The Emergence of the Week Began the Scientific Mind

The making of our week was another forward step in man's mastery of the world, in his reach toward science. The week was man's own cluster, not dictated by the visible forces of nature, for the planetary influences were invisible. By seeking astral regularities, by imagining that regularly recurring forces at a distance, forces that could be judged only by their effects, might govern the world, mankind was preparing a new arsenal of thought, an escape from the prison of Again-and-Again. The planets, unworldly forces, would lead mankind out into the world of history.

The planetary week was a path into astrology. And astrology was a step toward new kinds of prophecy. The earlier forms of prophecy can give us a hint of why astrology was a step forward into the world of science. Ancient rituals brought with them a complicated "science" for using parts of a sacrificed animal to foretell the future of the person who offered the sacrifice. Osteomancy, for example, prophesied by examining a bone of the sacrificed animal. In the mid-nineteenth century, Sir Richard Burton reported from Sindh, in the valley of the Indus, the elaborate technique still widely used for divining from the shoulder blade of a sacrificed sheep. The osteomancers divided the bone into twelve areas, or "houses," each answering a different question about the future. If in the first "house" the bone was clear and smooth, the omen was propitious and the consulter would prove to be a good man. If, in the second "house," which pertained to herds, the bone was clear and clean, the herds would thrive, but if there were layers of red and white streaks, robbers must be expected.

And so it went. Hepatoscopy, which predicted by examining the sacrificed animal's liver, was one of the earliest popular techniques of prophecy among the Assyro-Babylonians. It seems to have been used in China in the Bronze Age. Then the Romans and many others continued the practice. The liver impressed the diviners by its large size, its interesting shape, and its heavy burden of blood. An elaborate bronze model of a sheep's liver, which survives from Piacenza, Italy, is covered with inscriptions indicating what was to be foretold by the condition of each part. Every conceivable human activity or experience—from the knotting of strings to the interpretation of dreams—has become an oracle, witnessing man's desperate eagerness for clues to his future.

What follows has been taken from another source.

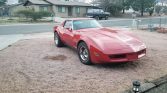3rd gen red 1982 Chevrolet Corvette w/ new motor For Sale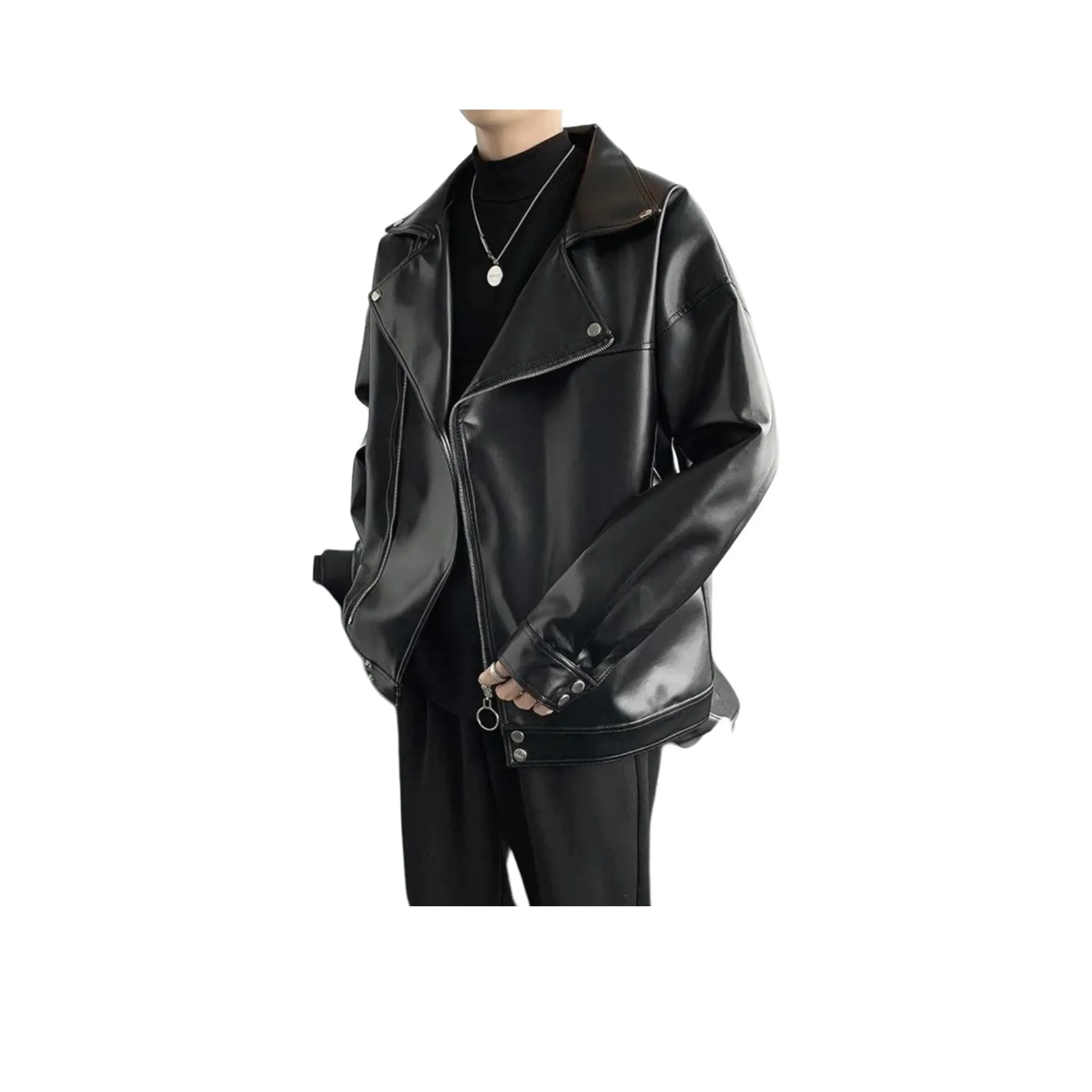 SINKACME Черные Мужские Кожаные Куртки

By contrast with these other kinds of prophecy, astrology was progressive. Astrology differed in asserting the continuous, regular force of a power at a distance. The influences of heavenly bodies on the events on earth it described as periodic, repetitious, invisible forces like those that would rule the scientific mind.

Notes:

It was the first time human beings established an artificial order to things, setting up cycles.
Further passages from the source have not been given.